请考虑以下数据框:
df <- structure(list(oID = c(37751L, 30978L, 33498L),
peId = c(12L, 13L, 14L),
last_Name = c("ABC", "DEF", "EFG"),
first_Name = c("Z", "Y", "X"),
personnel_Number = list(structure(list(hId = c(1L, 4L, 5L),
hName = c("PS", "XY", "MN"),
personnel_Number = c("0123", "1234", "98")),
class = "data.frame",
row.names = c(NA, 3L)),
structure(list(hId = 1L, hName = "PS",
personnel_Number = "0987"),
class = "data.frame",
row.names = 1L),
structure(list(),
names = character(0),
row.names = integer(0),
class = "data.frame")),
ls_Role = list(structure(list(functionId = c(1L, 5L),
`function` = c("function A", "function B"),
function_Short = c("FA", "FB")),
class = "data.frame",
row.names = 1:2),
structure(list(functionId = 6L,
`function` = "function A",
function_Short = "FA"),
class = "data.frame",
row.names = 1L),
structure(list(functionId = 6L,
`function` = "function A",
function_Short = "FA"),
class = "data.frame",
row.names = 1L))),
row.names = c(1L, 2L, 3L),
class = "data.frame")
如您所见,数据框包含两个列表列,每个列都包含基于行的数据框。我想以一种将它们的“内部”数据帧放入宽格式的方式取消嵌套每个列表列,即所有列都重复与内部数据帧每行包含的行数一样多。

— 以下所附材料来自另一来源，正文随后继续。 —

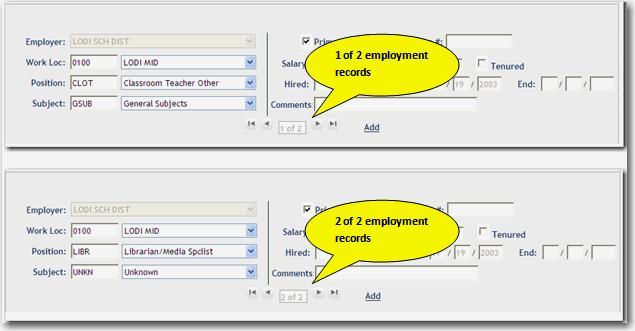 When adding another employer, the position and subject are automatically copied from the first employer to the second employer.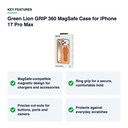 Key features – Green Lion GRIP 360 MagSafe Case for iPhone 17 Pro Max – Orange
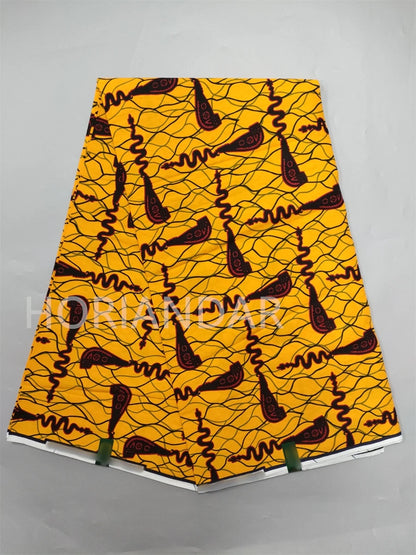 Classical Fabric Dutch Hollandais Fabric Veritable Real Wax for African Printed Dress Guaranteed 100% Cotton 6 Yards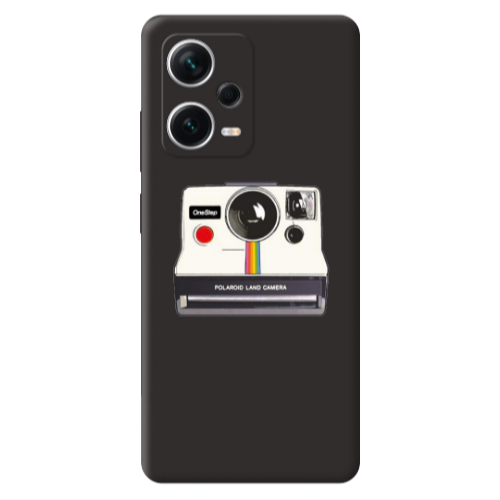 Xiaomi Poco X5 Polaroid land camera Black Colored Silicone TPU Θήκη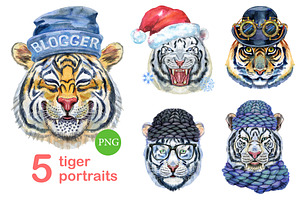 Cute watercolor tigers. Part 3, an Animal Illustration by Watercolor fantasy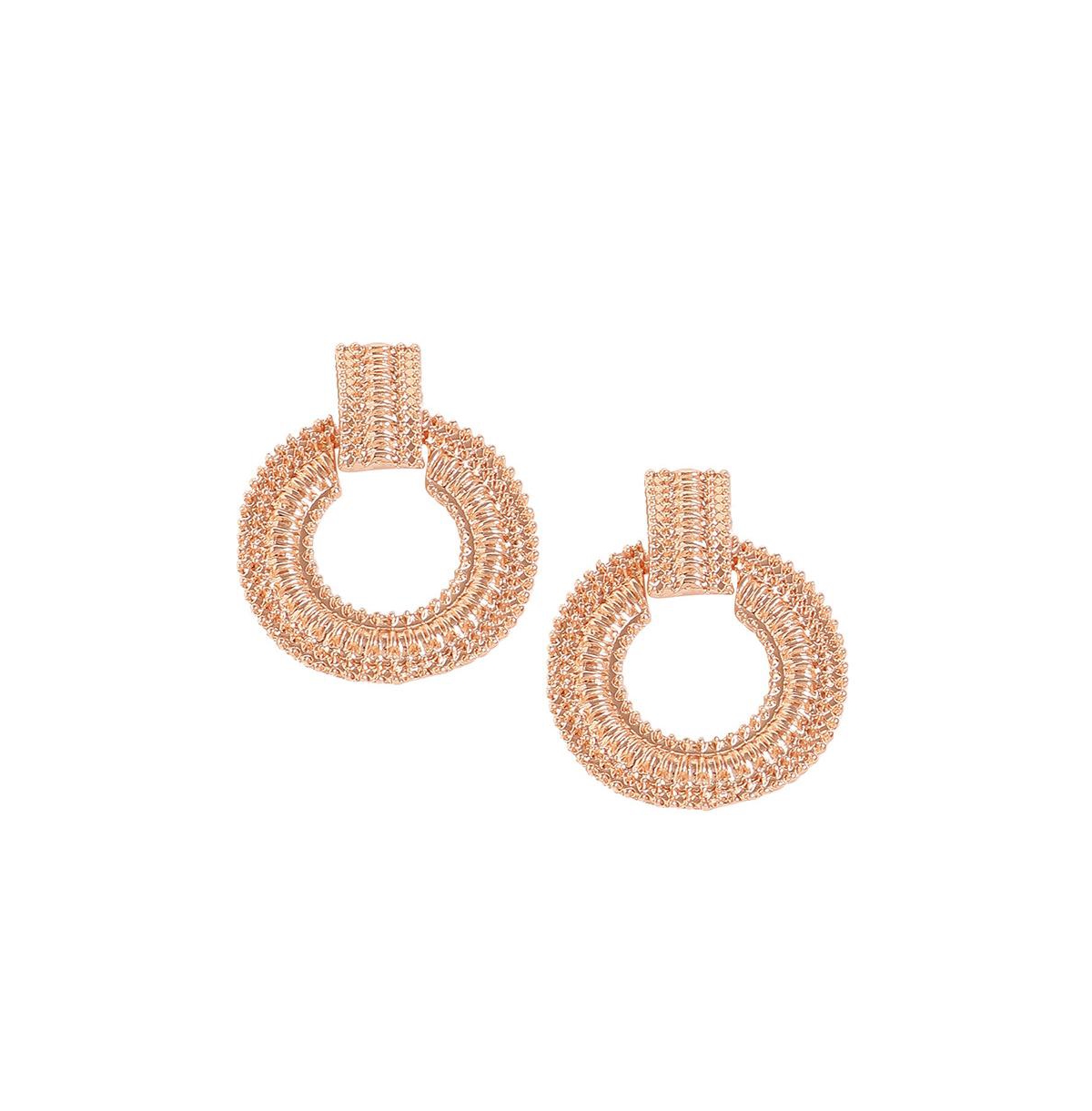 Sohi Women's Circular Drop Earrings In Gold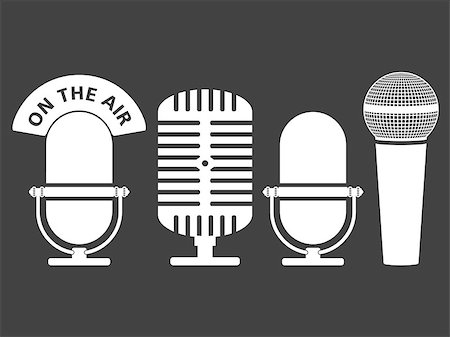 White microphone icons on dark background, vector eps10 illustration Stock Photo - Budget Royalty-Free & Subscription, Code: 400-08225102
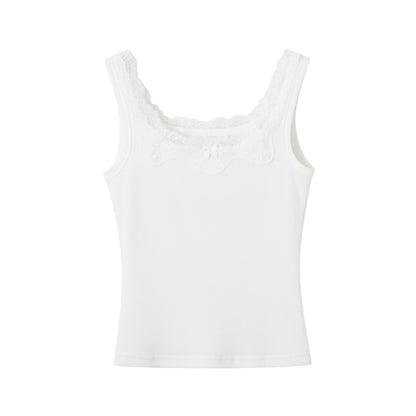 Lace Bow White Camisole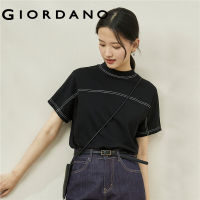 HOT ”GIORDANO ผู้หญิงเสื้อยืด Bright Line Kimono แขนแฟชั่น Tee ผ้าฝ้าย100 Mockneck หลวมฤดูร้อนสบายๆเสื้อ18323602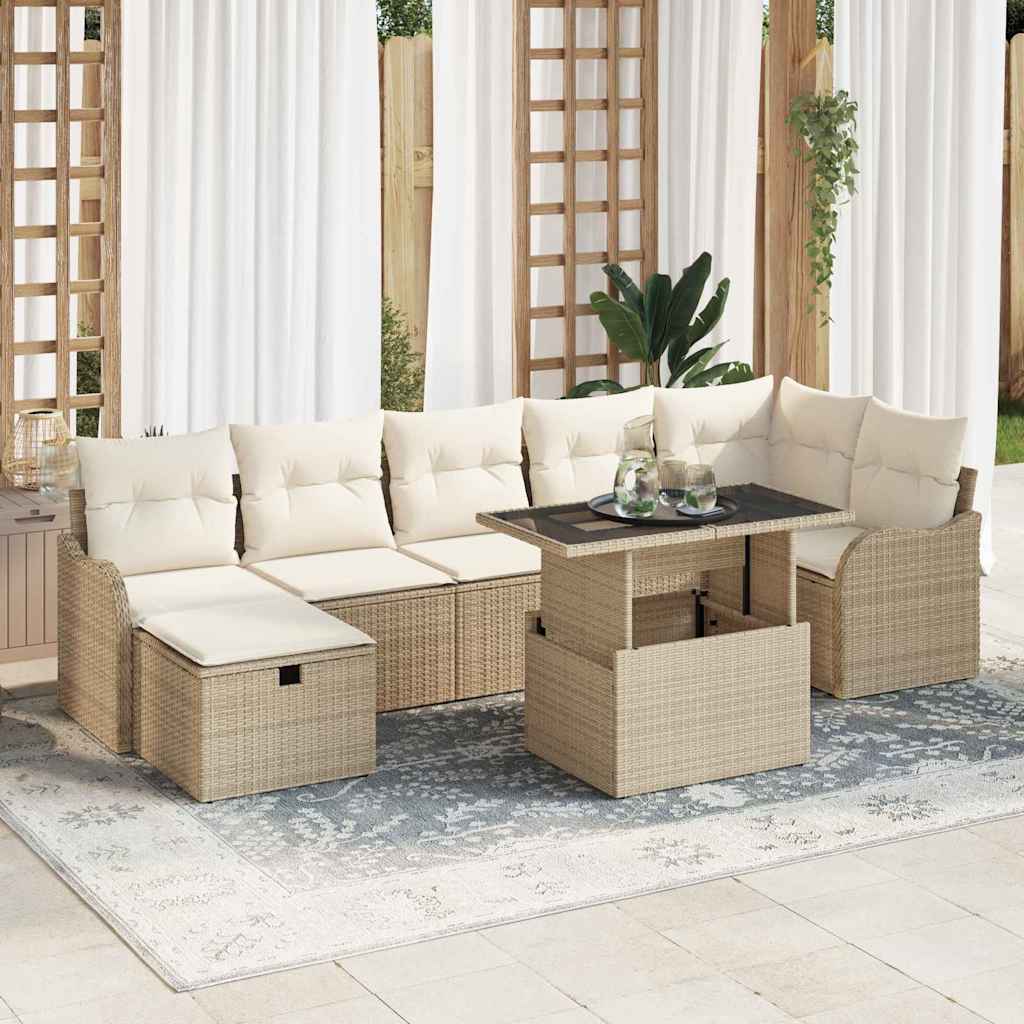 vidaXL Tuinbank Set met kussen met opslag 8 pcs Zwart Poly rattan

因此,对于“personnel_number”列,我希望返回 9 列(hId_1、_2、_3;hName_1、_2 等)。 ls_Role 列也是如此。
我知道如何通过取消嵌套然后大量重塑整个数据框来手动完成此操作,但我想知道是否有一种更简洁的方法可以更自动地执行此操作或减少函数调用,最好以 tidyverse 的方式。
这是我当前的代码(也反映了我的预期输出):
library(tidyverse)
df |>
mutate(id = row_number()) |>
unnest_longer(col = personnel_Number, keep_empty = TRUE) |>
unpack(cols = personnel_Number) |>
mutate(id_inner = row_number(), .by = id) |>
pivot_wider(values_from = c(hId, hName, personnel_Number),
names_from = id_inner) |>
unnest_longer(col = ls_Role, keep_empty = TRUE) |>
unpack(cols = ls_Role) |>
mutate(id_inner = row_number(), .by = id) |>
pivot_wider(values_from = c(functionId, "function", function_Short),
names_from = id_inner)
解决您问题的一种可能方法。该解决方案基于 data.table 包中的函数
library(data.table)
fun = function(dfs) {
lst = vector("list", length(dfs))
for(i in seq_along(dfs)) {
d = setDT(copy(dfs[[i]]))
lst[[i]] = if(nrow(d)) dcast(d, . ~ seq_len(nrow(d)), value.var=names(d))
else d = data.table(. = ".")
}
rbindlist(lst, fill=T)[, . := NULL][]
}
df2 = do.call(cbind, list(df, fun(df$ls_Role), fun(df$personnel_Number)))
oID peId last_Name ... functionId_1 functionId_2 function_1 function_2 function_Short_1 function_Short_2 hId_1 hId_2 hId_3 hName_1 hName_2 hName_3 personnel_Number_1 personnel_Number_2 personnel_Number_3
1 37751 12 ABC ... 1 5 function A function B FA FB 1 4 5 PS XY MN 0123 1234 98
2 30978 13 DEF ... 6 NA function A <NA> FA <NA> 1 NA NA PS <NA> <NA> 0987 <NA> <NA>
3 33498 14 EFG ... 6 NA function A <NA> FA <NA> NA NA NA <NA> <NA> <NA> <NA> <NA> <NA>